[Nic Pizzolatto walks up to the counter of a Starbucks in a strip mall in Burbank, California. A young 22-year-old Starbucks Barista waits on him. After PIzzolatto stares at the menu, as though staring into a void, the Barista speaks.]
Starbucks Barista: Can I get you something to drink, mister?
Pizzolatto: I am not comfortable imposing my will on anyone, and I haven’t been since 1978.
SB … It’s OK, sir. It’s my job.
Pizzolatto … [stares blankly]
SB: What are you looking at, sir?
Pizzolatto: [snaps to, as though from a trance] It’s these moments, they stare back at you. You don’t remember them, but they remember you. Turn around, there they are, staring.
SB: [turns around, doesn’t see anything unusual. Turns back around and faces Pizzolatto] I don’t know what you’re talking about, sir. I don’t see anything staring. Now, look mister. Are you going to order something, or do I need to ask my manager to come over?
Pizzolatto: Innuendo is nobody’s friend.
SB: What? You’re being a real pain in my ass.
Pizzolatto: Pain is inexhaustible. It’s only people that get exhausted.
SB: Yeah, well, I’m fucking exhausted with you.
Pizzolatto: That’s what pain does. It shows you what was on the inside.
SB: Look, asshole. I’m getting really irritated with you right now. I’m not even supposed to be here. My shift was over 20 minutes ago.
Pizzolatto: You don’t do somebody else’s time.
SB: Look! Can I get you something to drink or not? Is there anything I can help you with before I call my manager?
Pizzolatto: I just don’t know how to be out in the world, man.
SB: Yeah, well, I’m really sorry about that.

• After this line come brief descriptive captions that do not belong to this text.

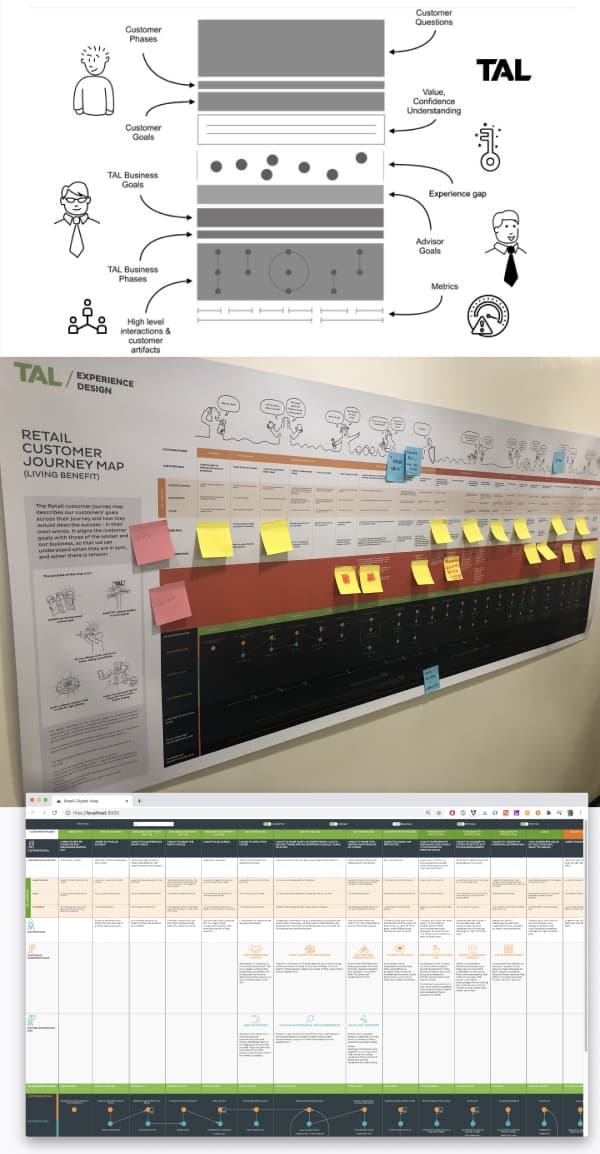 Retail Customer Lifecycle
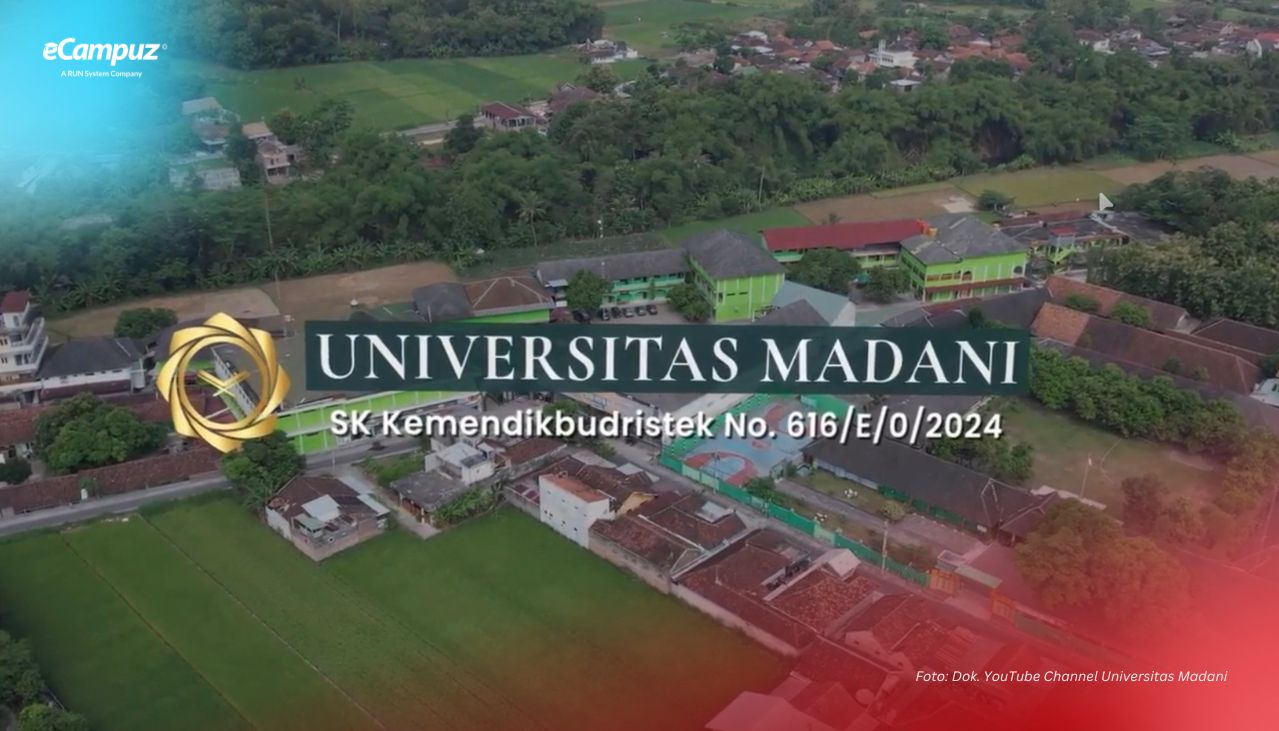 Universitas Madani Yogyakarta Perkuat Tata Kelola Akademik dengan Digitalisasi Kurikulum OBE Melalui eCampuz Cloud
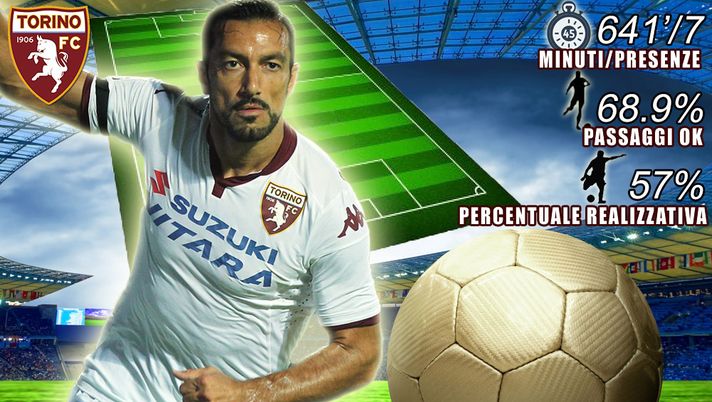 Toro in numeri: Quagliarella viaggia sul 57% di percentuale realizzativa 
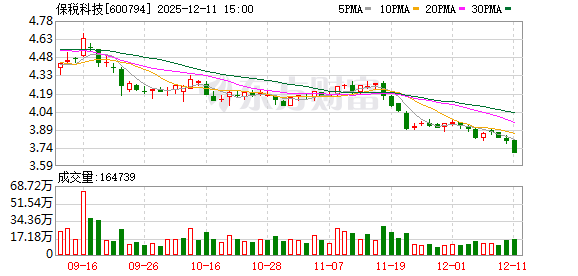 山科智能:截至2026年1月9日股东人数为7575户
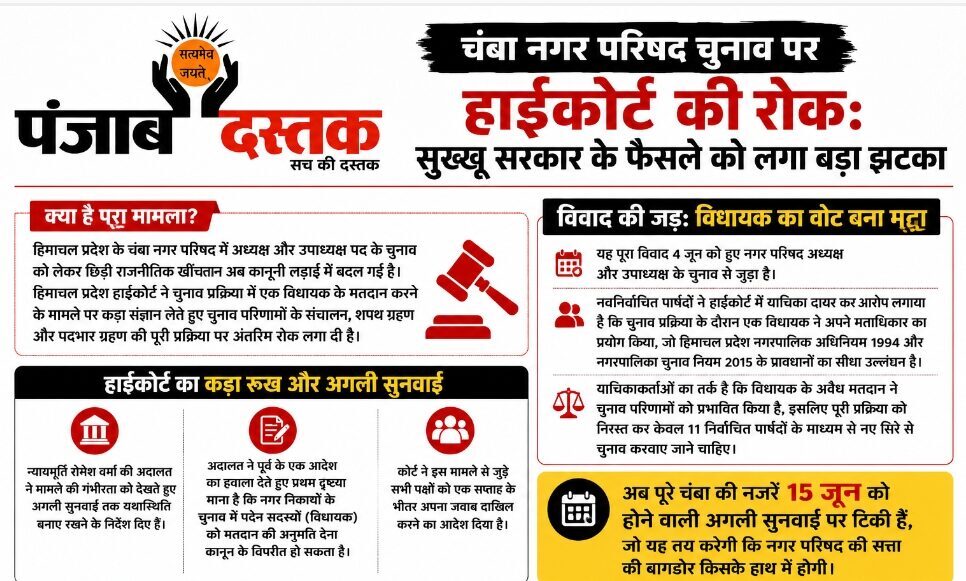 चंबा नगर परिषद चुनाव पर हाईकोर्ट की रोक, सरकार को झटका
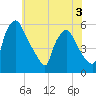 Tinicum National Wildlife Refuge tide chart for Wednesday, June 3, 2026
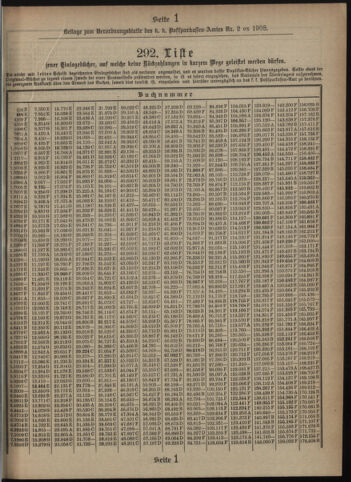 Verordnungsblatt des Postsparkassen-Amtes in Wien 19080201 Seite: 15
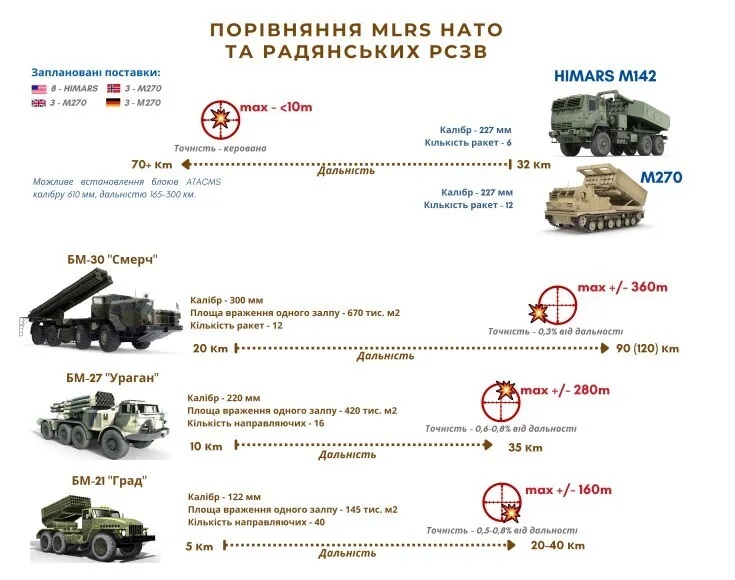 Порівняння радянських РСЗВ з натовськими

But it’s not my problem, and I’m having a hard time controlling my irritation with you.
Pizzolatto: Sometimes your worst self is your best self.
SB: Yeah, well, my “worst self” is about to climb over this bar and kick your ass.
Pizzolatto: Sometimes a good beating provokes personal growth.
SB: Oh My Fucking God, dude. Do you want a fucking cup of coffee or not?
Pizzolatto: There’s a certain stridency at work here.
SB: You’re getting on my last nerve.
Pizzolatto: I’m feeling a little apoplectic myself.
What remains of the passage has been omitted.